Abbott is right, and even Albanese’s Australia Day message now stresses what unites Australians is greater than what divides them. He told new citizens today, ‘Whether we are Australian by birth or by choice we all share the opportunity, the privilege and also the responsibility of being part of something quite extraordinary, A nation built with hope and hard work with aspiration and determination, a society guided by freedom and fairness, compassion and courage. A democracy where every citizen is equal. A country united and liberated by the Australian covenant, a commitment that every citizen makes to our nation and a promise our people make to each other. To leave behind the burden of old prejudices and hatreds.’

If only such words were used after 9 October 2023, when the first outbreak of ugly and overt anti-Semitism erupted outside the Sydney Opera House. If only Albanese’s government had acted against anti-Semitism then and not after the carnage of Bondi.

This year, this national realisation that we are not the easy-going and accepting people we thought ourselves has overshadowed even the annual Aboriginal activist and progressive elite protests about 26 January being ‘Invasion Day’. Even many Aboriginal people realise the cancer of racial and religious hate that has infested Australian society needs to be called out, condemned and countered, and that is a cause greater than themselves.

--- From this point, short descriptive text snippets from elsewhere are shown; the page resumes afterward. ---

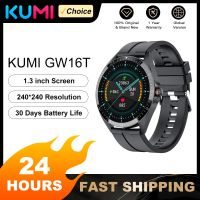 KUMI GW16T Men Smart Watch Sport Fitness Heart Rate Monitor IP67 Waterproof Full Touch Screen Smartwatch for ios Android Phone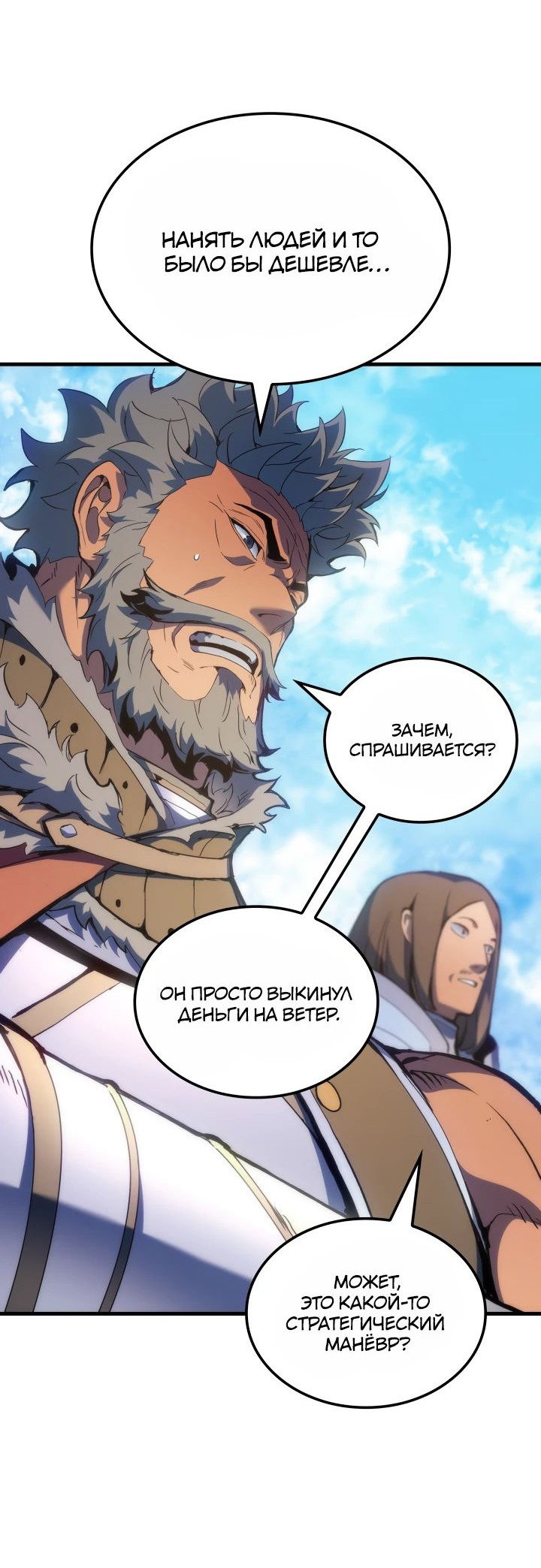 Read Реинкарнация неудержимого короля RU Manga Online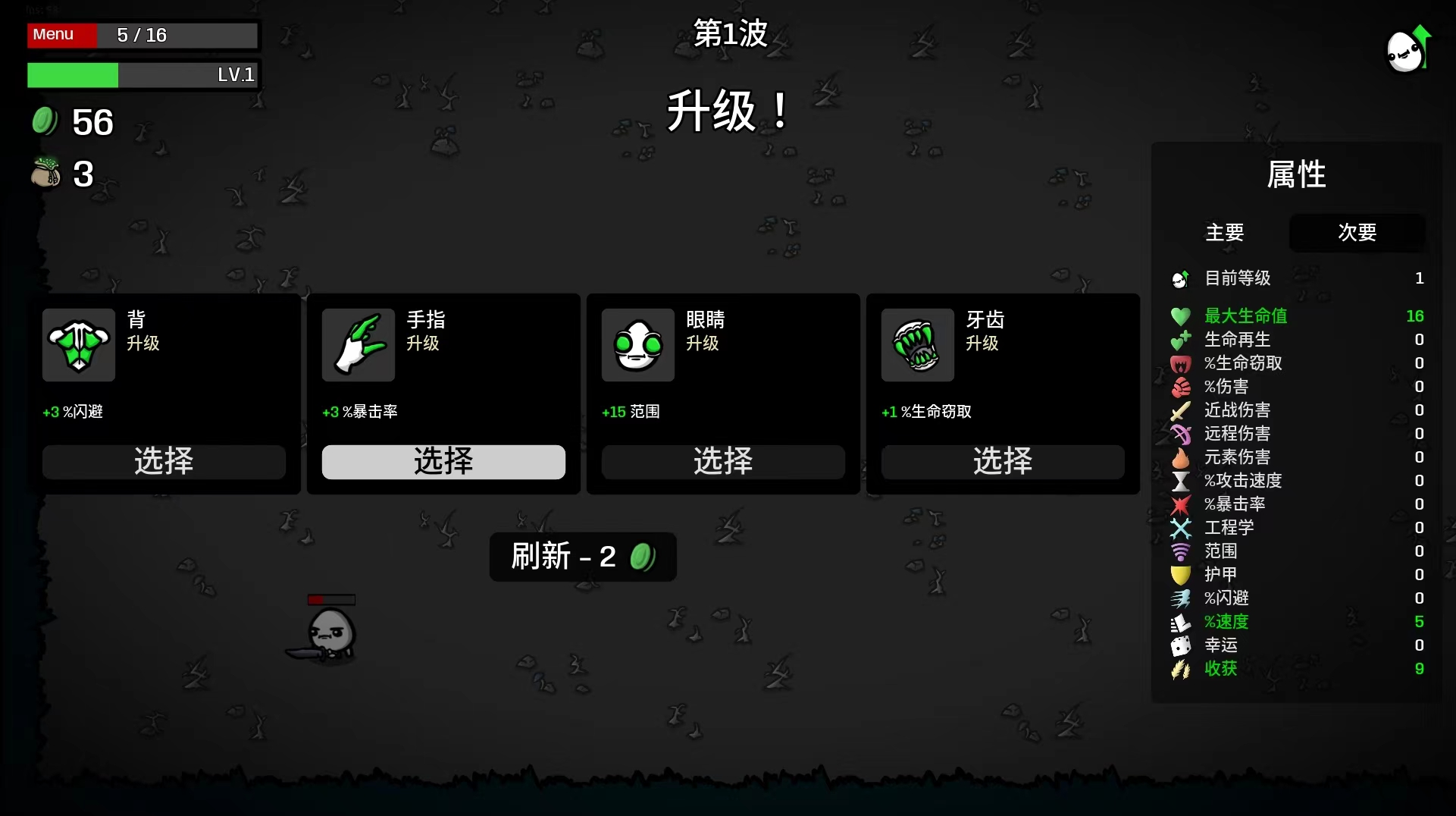 土豆兄弟升级有什么用 Brotato升级作用解析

Perhaps that helps explain why, this week, a series of opinion polls found that more than seven out of 10 Australians support keeping 26 January as Australia Day and, more remarkably, support for the day has been rising steadily in both the 18-24 and 24-40 age groups – the first generations to have been educated from infancy to believe the British colonisation was wrong, that the original sin of Aboriginal displacement is their sin, and that Australian multiculturalism is a rejection of all that went before.

In their dismissing the ‘death to Australia’ call on Melbourne’s sledgehammered monuments, there’s a glimmer of hope in those poll numbers. Instead of looking back in anger, more younger Australians are looking forward to making a more confident, happier, tolerant and united Australia where good triumphs over evil, and love over hate.

If some good ever emerges from the awfulness of Bondi, please let it be that.